Él le juró que volvería y ella le creyó. Siempre se habían dicho la verdad. Por muy lejos que hubiera ido en busca de fortuna, no habría obstáculo en el mundo que le impidiera volver a su lado. Rico o no, le prometió que se casarían tan pronto estuviera de vuelta, a pesar de la oposición de su padre, quien no había permitido esposar a su única hija, su heredera, con un desarrapado sin futuro. Nunca entendió que la riqueza no se aloja en los bolsillos sino en el corazón.

Desde su exilio voluntario, él le escribió muchas cartas poniéndola al corriente de sus penas y de sus logros. Ella, prudente y temerosa, solo le contaba lo que él deseaba saber.

Pero por fin había llegado el momento del reencuentro. Se lo había escrito desde ultramar y ella contaba los días.

A bordo del barco que lo conducía hacia los brazos de Eulalia, se la imaginaba esperándole en el puerto de llegada, la piel blanca y pecosa la cara, y le hablaba desde alta mar, el viento azotándole el rostro. Ella miraba el horizonte desde el muelle, esperando el momento de abrazarle, jurándose no dejarlo marchar nunca más.

 

?Ten paciencia, mi amor, que no tardaré en llegar –decía él, desde la cubierta, la vista fija en el mar y la espuma blanca.

?Te esperaremos el tiempo que haga falta –le contestaba ella, de pie junto al agua.

?Me muero de ganas por volver a verte –gritaba él contra el viento huracanado y la mar encolerizada.

?Seremos la envidia de todos cuando nos vean de la mano por las calles del pueblo –gritaba ahora ella, acallando a las gaviotas.

?Nos casaremos tan pronto tengamos donde cobijar nuestro amor, pese a quien pese –clamaba él, los cabellos negros arremolinados.

?Unas nupcias, las nuestras, largamente aplazadas. Te espera un regalo que seguro te llenará de gozo –le decía ella ansiosa y sonrojada, jugando con los rizos de sus cabellos del color del fuego.

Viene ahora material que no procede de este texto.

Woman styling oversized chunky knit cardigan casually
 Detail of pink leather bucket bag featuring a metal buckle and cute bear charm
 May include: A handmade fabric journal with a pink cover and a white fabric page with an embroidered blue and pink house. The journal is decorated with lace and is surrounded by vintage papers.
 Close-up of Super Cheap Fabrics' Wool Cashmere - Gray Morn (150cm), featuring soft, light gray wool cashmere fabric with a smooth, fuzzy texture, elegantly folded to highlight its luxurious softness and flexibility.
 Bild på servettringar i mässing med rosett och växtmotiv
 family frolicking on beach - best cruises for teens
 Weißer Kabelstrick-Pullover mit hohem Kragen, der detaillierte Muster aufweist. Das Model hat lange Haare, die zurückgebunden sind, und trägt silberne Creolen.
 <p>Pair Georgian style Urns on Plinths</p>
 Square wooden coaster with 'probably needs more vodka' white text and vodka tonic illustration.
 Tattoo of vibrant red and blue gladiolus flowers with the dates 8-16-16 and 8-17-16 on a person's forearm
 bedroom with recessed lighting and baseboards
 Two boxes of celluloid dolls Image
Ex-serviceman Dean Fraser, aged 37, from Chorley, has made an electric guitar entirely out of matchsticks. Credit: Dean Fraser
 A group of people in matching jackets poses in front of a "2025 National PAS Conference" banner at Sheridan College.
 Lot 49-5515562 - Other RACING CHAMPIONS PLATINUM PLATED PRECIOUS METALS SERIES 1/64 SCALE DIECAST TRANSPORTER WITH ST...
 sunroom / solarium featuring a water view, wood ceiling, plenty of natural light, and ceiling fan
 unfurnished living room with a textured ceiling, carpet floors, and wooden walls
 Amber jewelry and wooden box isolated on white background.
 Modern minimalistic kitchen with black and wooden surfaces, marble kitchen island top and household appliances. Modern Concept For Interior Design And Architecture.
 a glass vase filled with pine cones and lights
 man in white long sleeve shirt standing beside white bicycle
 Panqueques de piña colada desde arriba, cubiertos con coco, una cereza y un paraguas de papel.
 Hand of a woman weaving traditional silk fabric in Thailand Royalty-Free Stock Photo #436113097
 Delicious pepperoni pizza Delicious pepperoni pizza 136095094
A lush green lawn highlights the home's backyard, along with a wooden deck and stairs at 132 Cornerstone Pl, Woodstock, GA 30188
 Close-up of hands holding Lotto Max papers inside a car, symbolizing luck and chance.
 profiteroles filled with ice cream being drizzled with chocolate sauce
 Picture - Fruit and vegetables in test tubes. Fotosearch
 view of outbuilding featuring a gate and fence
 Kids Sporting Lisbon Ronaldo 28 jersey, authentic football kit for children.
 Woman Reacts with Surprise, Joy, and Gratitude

?Se acerca el gran momento. Ya vislumbro la costa lejana –celebraba él, la mar cada ver más airada.

 

Un diálogo éste del que solo el mar y un niño, asido a la mano de su madre, fueron testigos mudos de un amor y de unos anhelos exaltados por la distancia. Una conversación a millas de separación angustiosa. ¿Cuánto más debería soportar aquel barco surcando el mar furioso? ¡Qué larga se hace la espera cuando el deseo es tan intenso! ¿Quizá la mar brava no quería que se reencontraran, celosa del amor que se profesaban?

Eso pensó Eulalia entonces y lo evoca ahora que, triste y ajada, ya solo le queda el recuerdo de la ilusión, rota a oleadas, y el dolor todavía vivo que le provocó la visión del maderamen que, flotando por la bahía, parecía haber venido a darle sus condolencias.

Como la leña cortada a hachazos, así acabó aquel viejo barco cargado de esperanza. Como un árbol arrancado de cuajo por la tormenta, así se sintió Eulalia al ver frustrados sus más preciados deseos.

Nunca quiso descubrir a su amado aquel secreto tan bien guardado para no agobiarlo durante su ausencia, un regalo que él no llegó a conocer. Aquel naufragio se llevó al fondo del mar la posibilidad de entregárselo. Un mar que ahora recibe sus lágrimas, tiñéndolas de azul. Lágrimas que brotan de una herida profunda y amarga que jamás se cerrará.

Eulalia nunca perdonará al mar su condena a cuarenta años de dolor y de añoranza. Un dolor y una añoranza que solo ha podido aligerar gracias al fruto de aquel amor prohibido, que sacó la piel morena y los cabellos negros de su padre.